Apr 26, 2013, 2:44 PM EDT

Houston Astros v Boston Red Sox Getty Images

Philip Humber threw a perfect game on April 21 of last year, but the degree to which he’s fallen apart since then is amazing.

Humber, who was claimed off waivers by the Astros from the White Sox in November, has thrown 111 innings and faced 523 batters since the perfect game. During that time he has a 7.52 ERA.

That includes a 7.39 ERA in 88 post-perfect game innings for the White Sox last season and a 7.99 ERA in 24 innings for the Astros this season.

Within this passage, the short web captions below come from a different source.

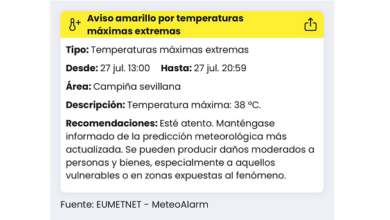La AEMET activa los avisos amarillo y naranja por intensas temperaturas en Alcalá de Guadaíra para hoy y mañana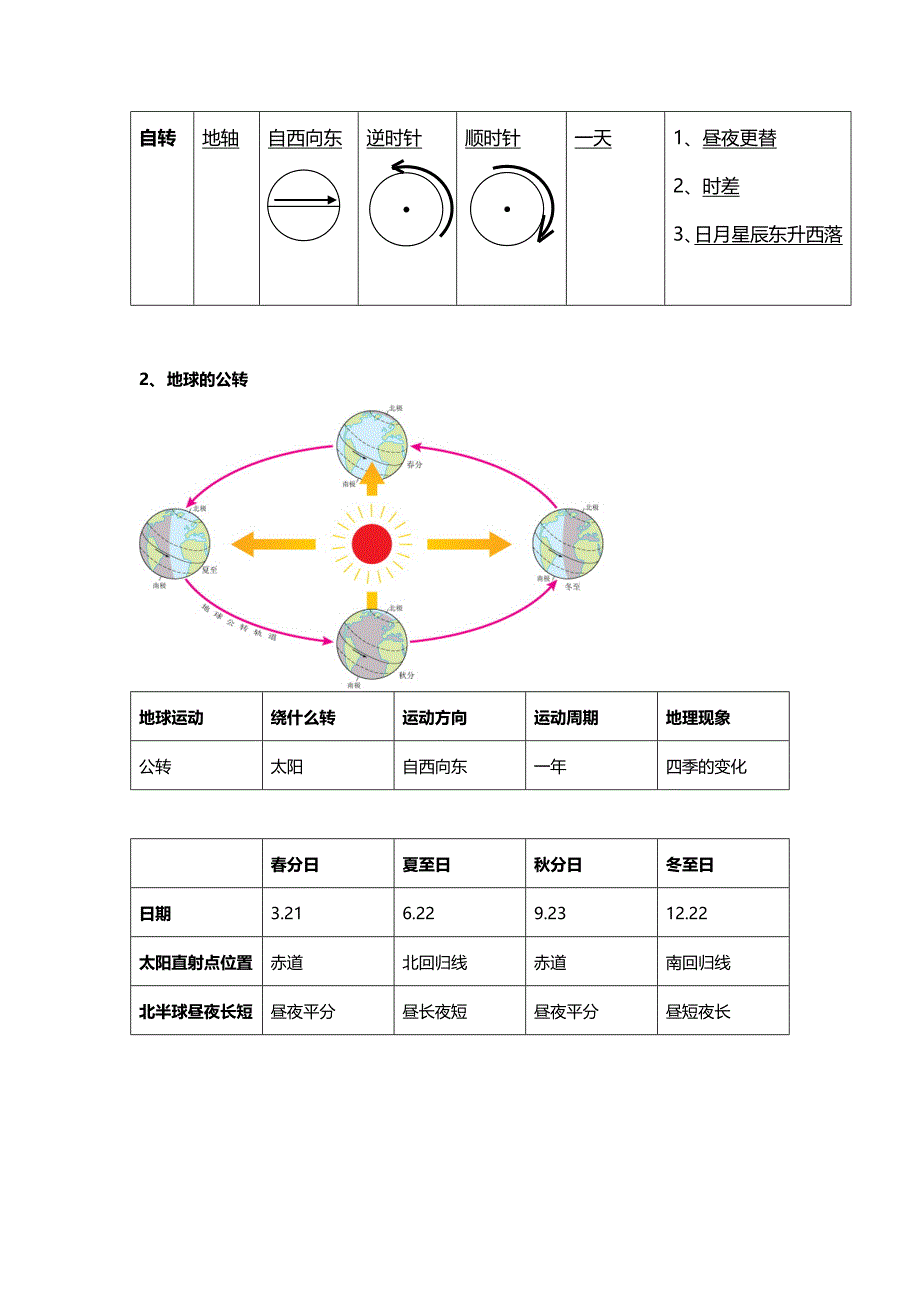 人教版七年级上地理复习提纲整理_第4页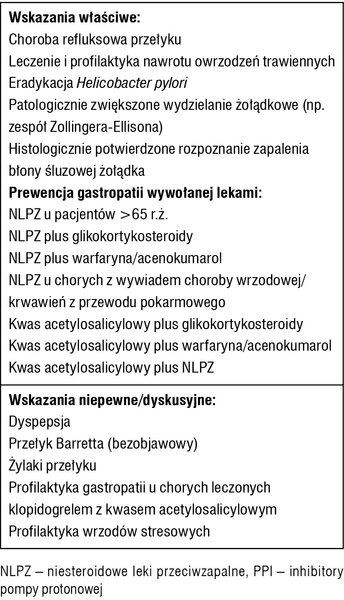 Tabela 1. Wykaz wskazań do stosowania PPI w zależności od stopnia udokumentowania ich zasadności2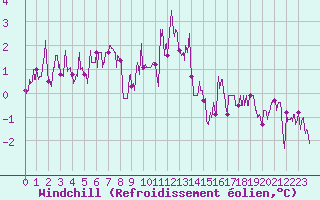 Courbe du refroidissement olien pour Chteau-Chinon (58)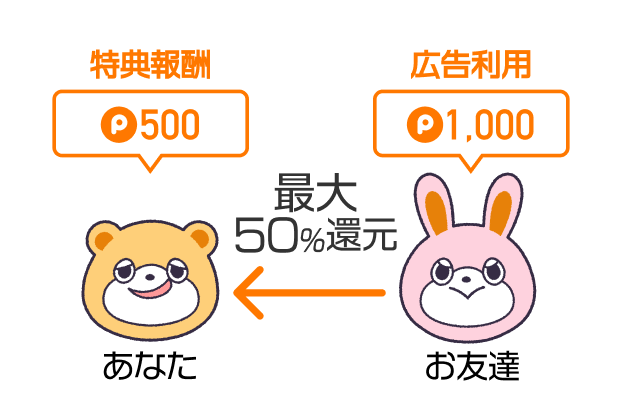 友達紹介還元特典
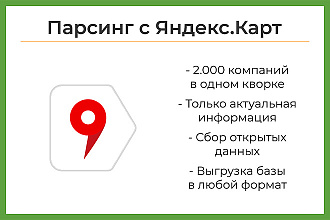 Парсинг информации с Яндекс Карт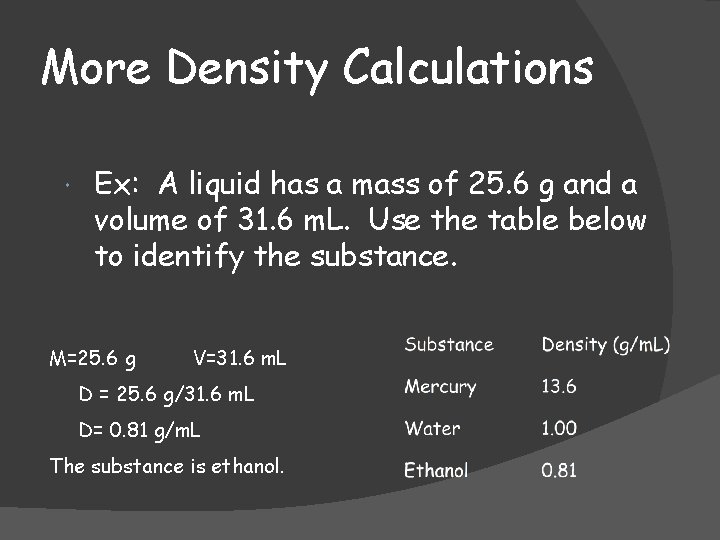 More Density Calculations Ex: A liquid has a mass of 25. 6 g and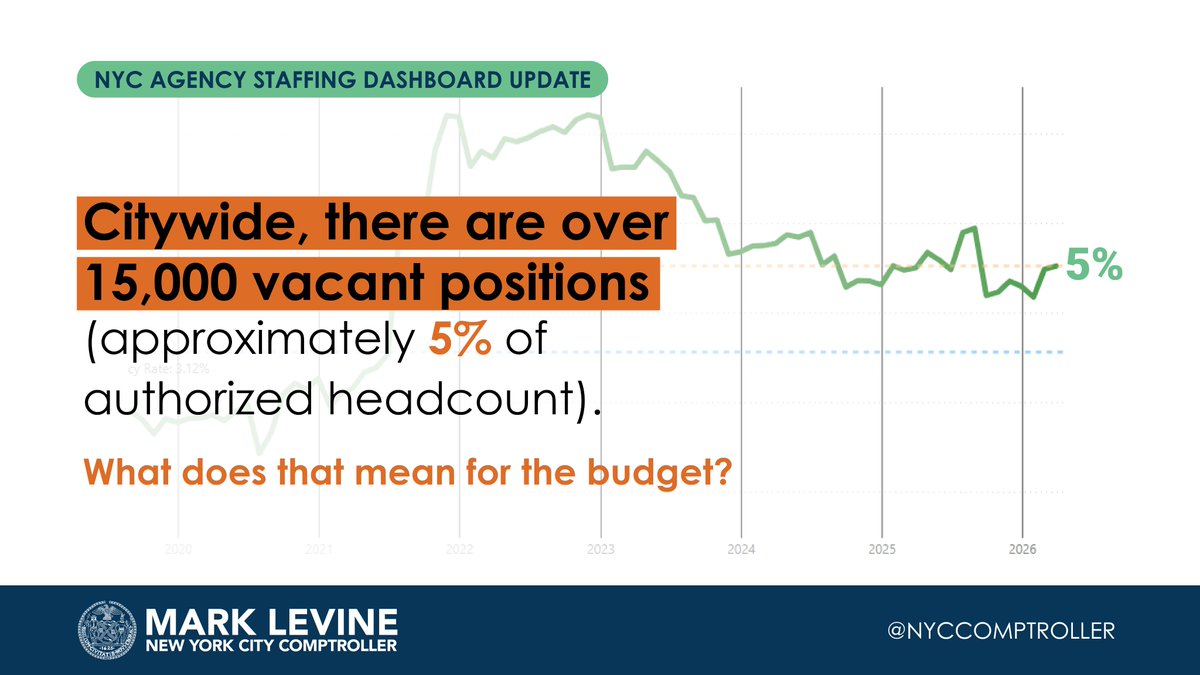 Comptroller Levine casting some (implicit) doubt on the City Council’s ...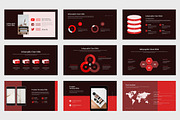 Guba : Pitch Pack Powerpoint, a Presentation Template by Punkl Camp (Thumbnail 8 of 9)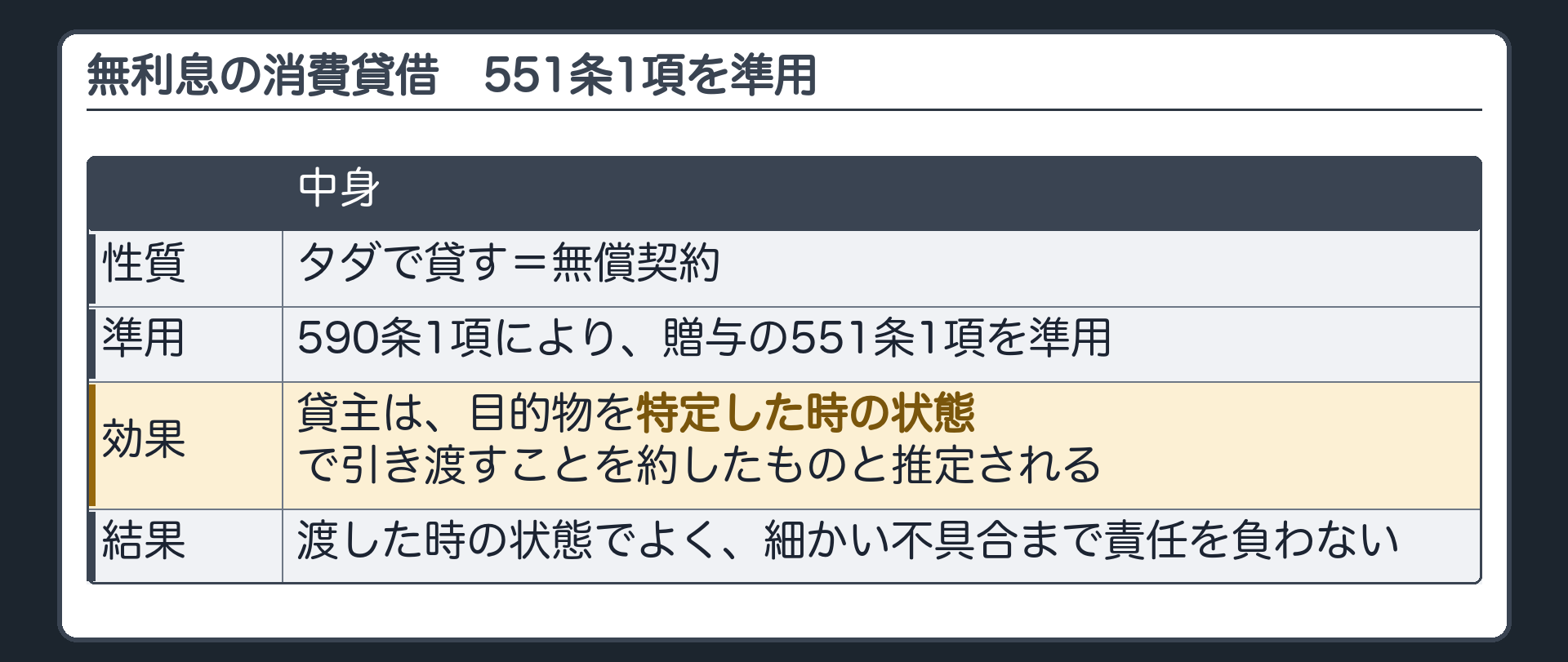 無利息の消費貸借。タダで貸す=無償契約。551条1項を準用。貸主は、目的物を特定した時の状態で引き渡すことを約したものと推定される。渡した時の状態でよく、細かい不具合まで責任を負わない。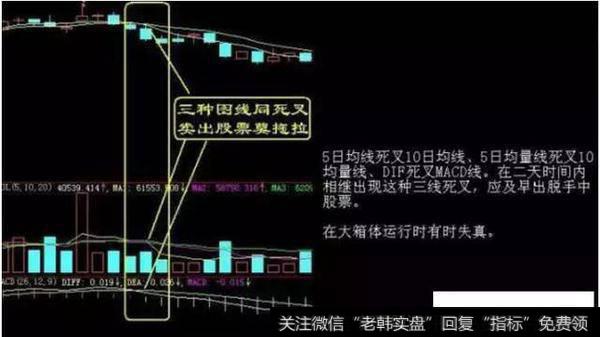 K线图解卖出信号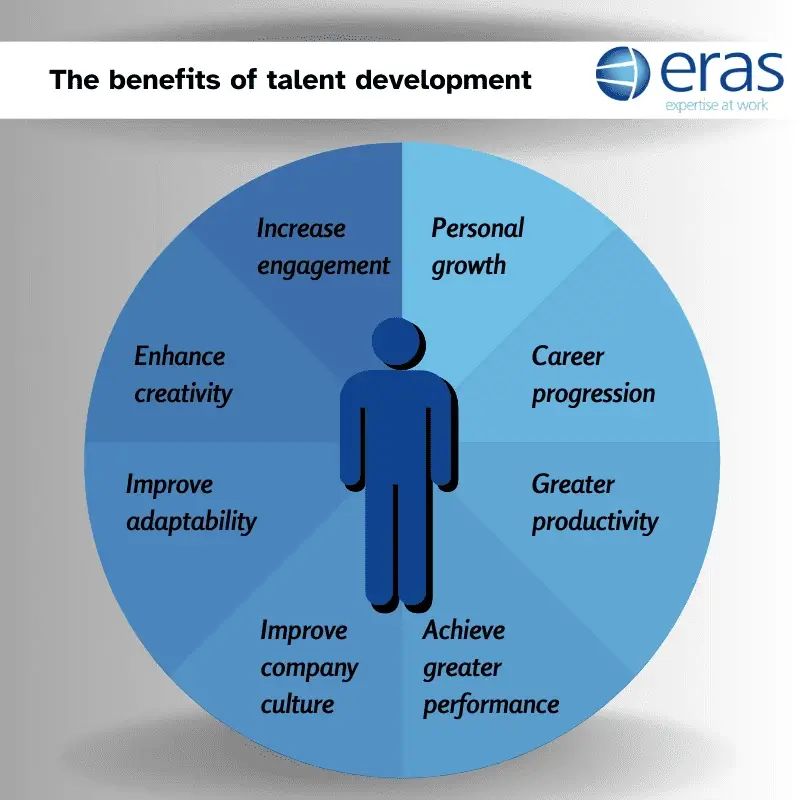 Collaboration between human resources and other stakeholders is essential to ensure effective organizational support, training, and employee development initiatives.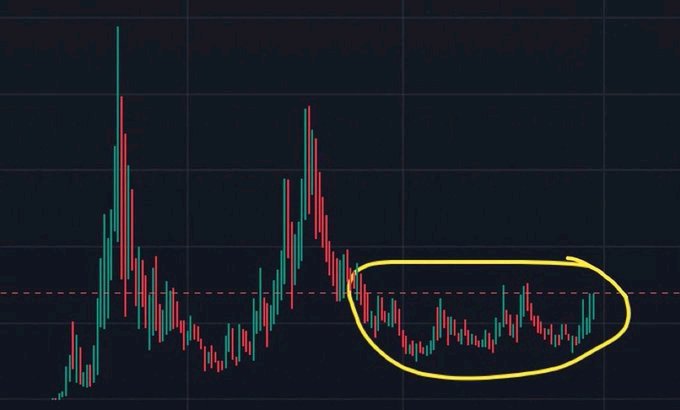 AlphaCryptoGems 💎| Market Intel tweet media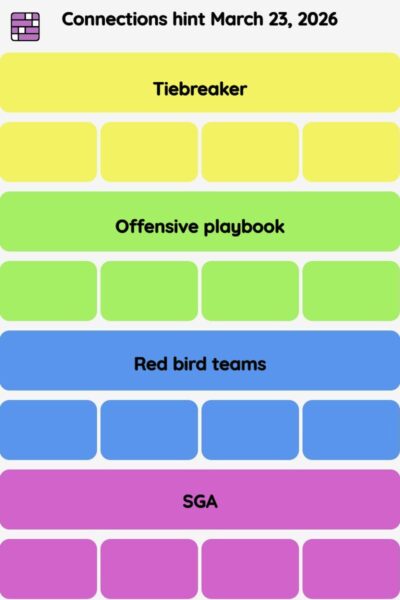 Connections NYT - Connections hint -NYT Connections Sports Edition hints March 23, 2026 with answer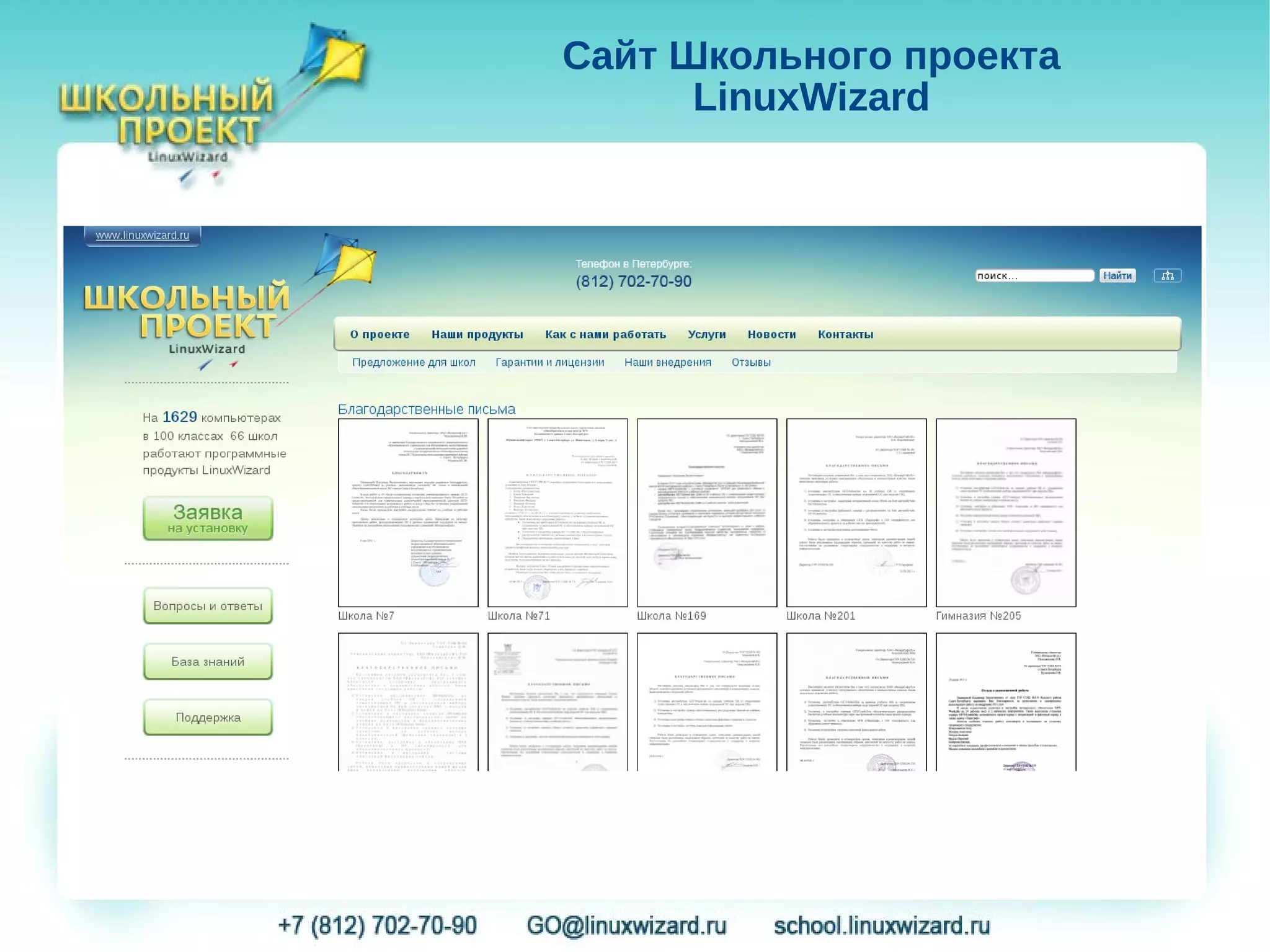 Сайт Школьного проекта
      LinuxWizard
 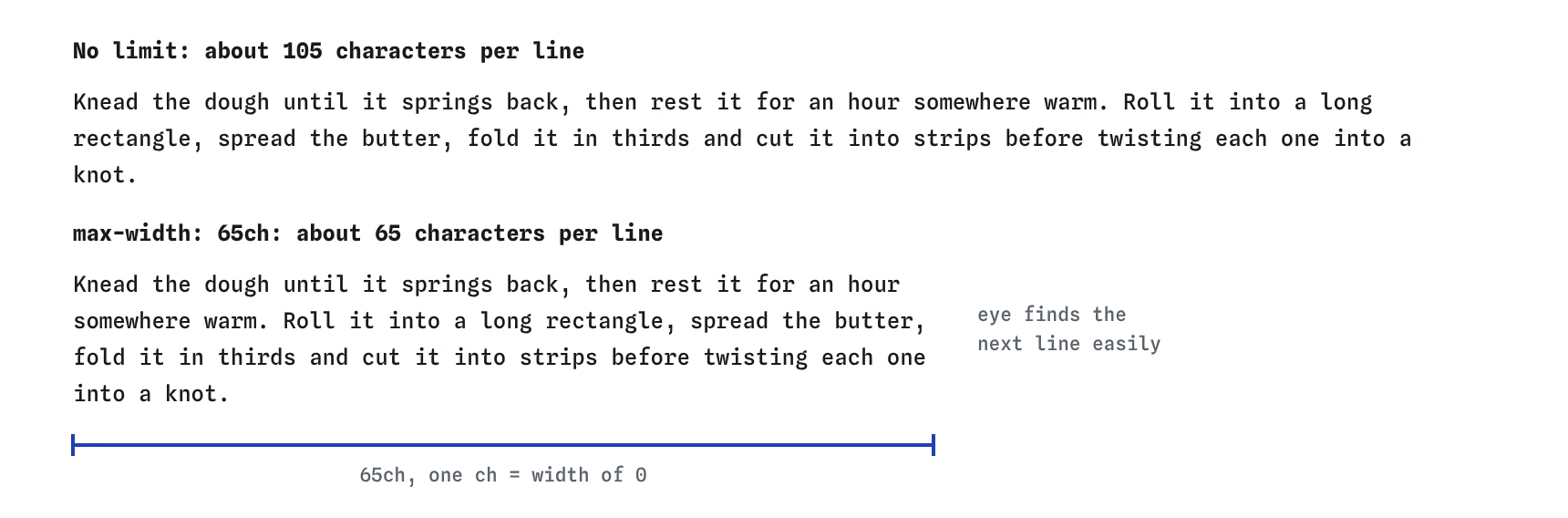 The cardamom knots recipe paragraph set two ways: stretched to about 105 characters per line, and capped with max-width 65ch so each line holds about 65 characters.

Humber has started five games for Houston, going 0-5 while allowing a league-high 21 runs and a .346 opponents’ batting average.

The obvious thing to say here is that Humber probably doesn’t belong in the big leagues right now, but I’m more fascinated by the whole situation and how a decent back-of-the-rotation starter can go from the peak of his professional career to immediately being completely unable to do his job.

  1. pjmitch - Apr 26, 2013 at 3:15 PM

    Being perfect on one day of your career does not mean that you are good most the other days…

  2. billyboots - Apr 26, 2013 at 3:19 PM

    Can he hit? Is Humber the next Ankiel?

  3. shanabartels - Apr 26, 2013 at 3:41 PM

    I’ve seen Phil Humber pitch in person twice — weirdly enough, exactly two years apart. The first time was April 25, 2011 in the Bronx when Humber no-hit the Yankees into the 7th or thereabouts. He was, obviously, super effective. Really frustrating for me to watch. The second time was last night when my uncle took me to a game at Fenway. Humber was awful. It was like watching a totally different person. I know he’s generally not a great pitcher and he has had a few games that were outliers, but yeah, even the Astros might not have much patience for that.

  4. hisgirlgotburrelled - Apr 26, 2013 at 3:50 PM

    ” but I’m more fascinated by… how a decent back-of-the-rotation starter can go from the peak of his professional career to immediately being completely unable to do his job.”

    Well, then Ubaldo Jimenez will blow your mind.

  5. nothanksimdriving123 - Apr 26, 2013 at 9:50 PM

    Grover Cleveland Alexander, Steve Carlton, Dizzy Dean, Don Drysdale, Whitey Ford, Lefty Grove, Fergie Jenkins, Early Wynn, John Smoltz, Tom Glavine, Greg Maddux… zero no-hitters.
    Bobo Holloman pitched one in his first ML start and won only 2 more games in his career.
    Charlie Robertson went 49-80 in the Majors, ERA 4.44, but one of those 49 was a perfecto in 1922. There wasn’t another perfect game for over 30 years, when a guy who went 81-91 hurled one in the World Series!
    Looking for rhyme or reason? Good luck.